In my application I'm writing an abstraction layer on top of a JNI library that calls into native C code. This native library (FFmpeg to be exact) exposes some global functions to change logging behavior.
In particular, I'm using a callback that forwards log messages to custom handlers. The problem is that there can be only one such callback. Creating a new instance of this callback means the native library will call it instead, whether it has been registered as the new callback or not. If you want another then you have to create a different callback class just like you'd declare a new function in C.
To me there seems to be two alternatives:
(1) Allow multiple instances of this singleton class.

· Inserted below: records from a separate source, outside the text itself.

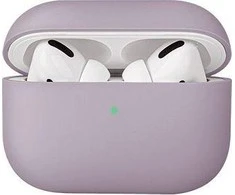 UNIQ dėklas Lino AirPods ProSilicone llevandų spalvos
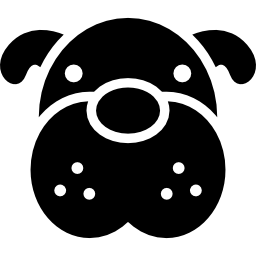 pies z pucołowatymi policzkami ikona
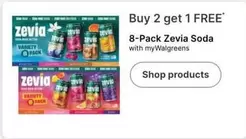 8-Pack Zevia Soda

I'm already using a private static instance of the callback class. It cannot be instantiated elsewhere, at least, my subclass of this callback.
(2) Some other way to restrict users from instantiating this singleton class more than once.
The issues I have with the first approach are:
(1) The API is misleading. It's simply a proxy object that operates on global state. Yet to the user, it seems like each instance operates on its own state.
(2) Synchronization. I cannot use multiple locks. Using a static private lock takes us back to issue #1. At least a lock cannot be mutated of course.
Should I just give up on the whole thing and use a singleton anyway? No matter how you cut it, the class will be mutating global state. It's just that this state is beyond my control.
What to do in such situations? Do I have any viable alternatives?